ACTIVITY >>
Write the listing out again word for word. Pictures do not belong in the copy.
-- SOURCE MATERIAL follows --
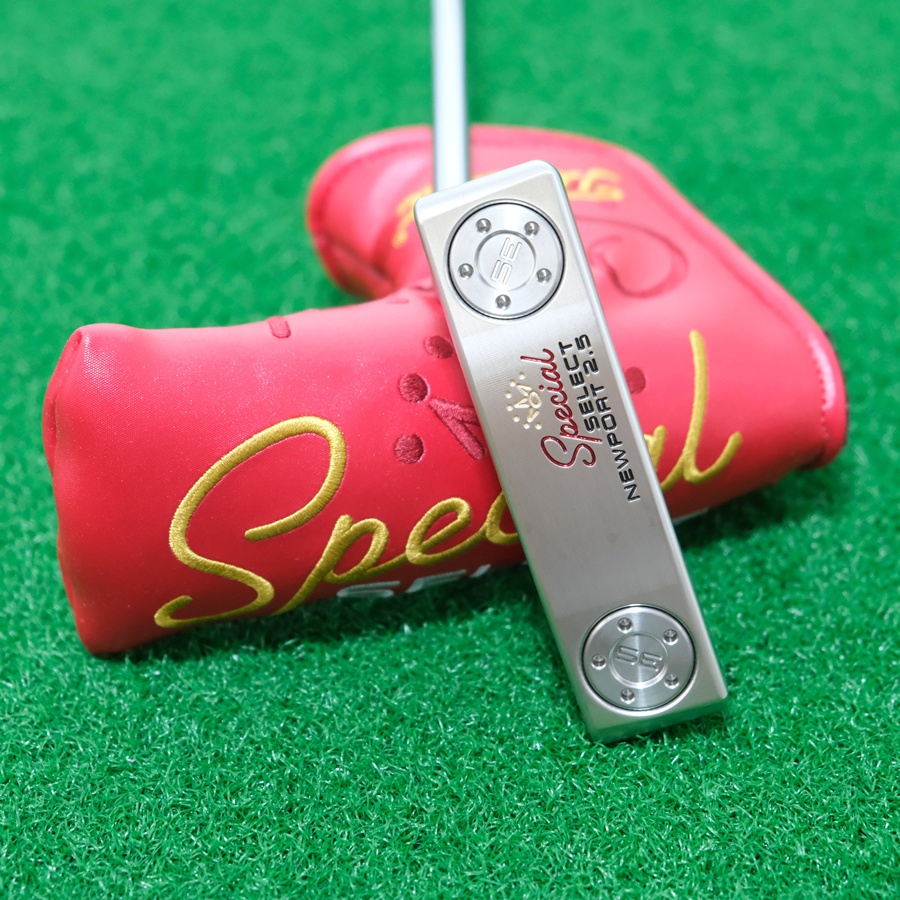 NEW SCOTTY CAMERON SPECIAL SELECT NEWPORT 2.5 34" PUTTER + HEADCOVER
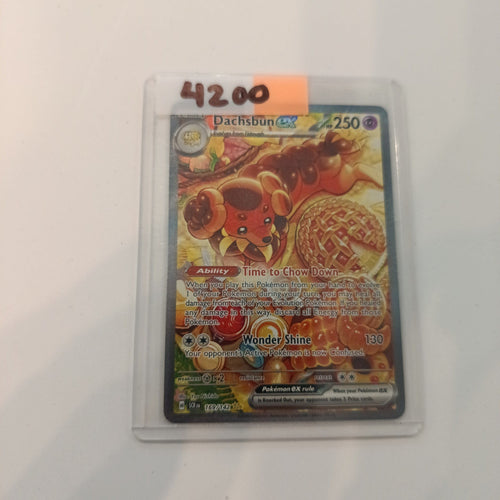 2024 Pokemon Company Scarlet & Violet: Stellar Crown Special Illustration Rare Dachsbun #1
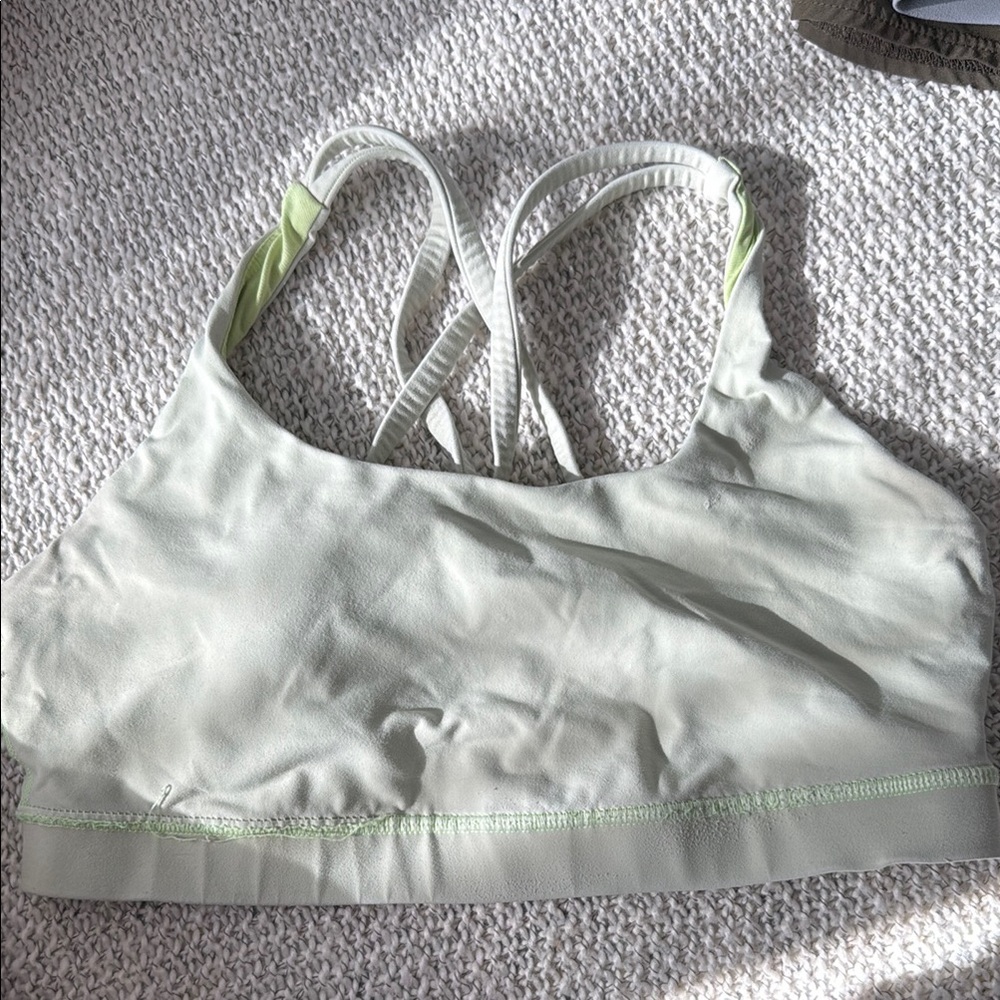 Lululemon Green Sports Bra with Racerback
-- SOURCE MATERIAL concluded --
SOLUTION TO THIS TASK >>
 NEW SCOTTY CAMERON SPECIAL SELECT NEWPORT 2.5 34" PUTTER + HEADCOVER
 2024 Pokemon Company Scarlet & Violet: Stellar Crown Special Illustration Rare Dachsbun #1
 Lululemon Green Sports Bra with Racerback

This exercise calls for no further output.